En una primera cita, nada parece molestarte. Es impensable que dos personas discutan en su primera cita (aunque siempre hay excepciones). Se trata de agradar a tu acompañante para acceder a la posibilidad de repetir. Aparte, como es obvio, no existe un nivel de confianza suficiente como para comenzar una discusión por quién a comido más ensalada o quién debe pagar la cuenta. Sería absurdo. Como mucho, puedes llegar a ese punto de minidiscusión sobre quién paga, pero se saldará con un "paga tu la cena y yo las copas" o cualquier sistema que deje a ambos satisfechos. En una pareja establecida, la discusión versará sobre quién paga siempre y quién gasta más de los dos...
En la primera cita se trata de ser original. Por ejemplo, mi cita del otro día, terminó con un Haggen Dazz a medias en un mirador precioso. Fue divertido, diferente y algo loco... irrepetible, diría yo. Seguramente, el tipo lleve allí a todas, no lo dudo, pero le quedó bien. Si fuésemos pareja esta claro que ese tipo de cosas quedarían en la memoria de nuestro principio. Los hombre solo ponen la imaginación en juego cuando quieren conseguir algo.
Al principio, es imposible ser pesado/a. Por dos motivos: 1) Te da corte saturarle a llamadas/mensajes porque apenas existe confianza y 2)Él/ella está deseando que le escribas/llames. Cuando tienes pareja, resulta agotador encontrarte el teléfono contínuamente sonando con "Mi chico/a" escrito en la pantalla. Te sientes controlado/a y es algo que termina por agobiar.
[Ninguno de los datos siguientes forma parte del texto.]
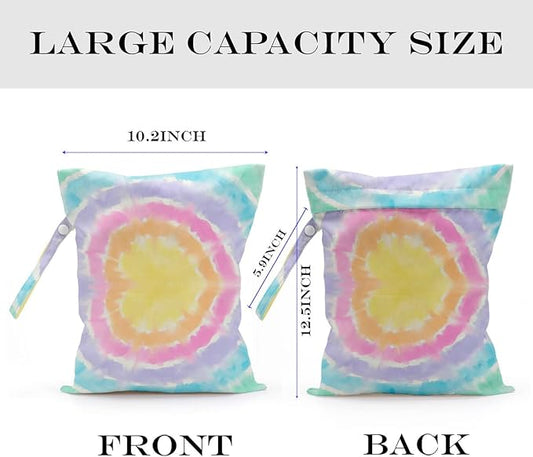 Wet Bag, Wet Dry Bag, Wet Bag for Swimsuit, Travel, Beach, Pool, Diapers, Dirty Yoga Gym Clothes, Toiletries, Makeup Bag, Waterproof Hippie Retro Flower Decor for Women Birthday, 2 Pcs Set.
Por no hablar de la emoción de los principios. Cuando empiezas una relación, tus ojos chispean y el corazón te tiembla al verte, el estómago se te llena de mariposas y todo es maravilloso. Tus amigas están hartas de escuchar su nombre, todo el mundo te nota más feliz, siempre tienes algo que contar... "Ayer me escribió un sms de buenas noches" o "Hoy no me ha llamado, quizás le pase algo". Por absurdo que sea el comentario, siempre encuentras la forma de nombrarle, sin embargo, cuando tienes pareja, no tienes nada que decir. He notado que mis amigas con novio solo hablan de ellos para ponerlos a caldo cuando hacen algo mal.
Por eso, he llegado a la conclusión siguiente: Los principios son perfectos. Quizás por eso resulte tan agradable deambular de principio en principio sin llegar nunca a ese estado intermedio que conlleva la estabilidad.
Hablo en todo momento de relaciones sentimentales, no de rollos de una noche u otro tipo de relaciones sexuales. Es obvio que, en ese caso, van a tratar de mentir lo máximo posible para conseguir su objetivo en el menor plazo de tiempo posible... y ahí yo no me meto.
Y vosotros/as... ¿sois de principios, nudos o desenlaces? ;) Un beso para todos/as.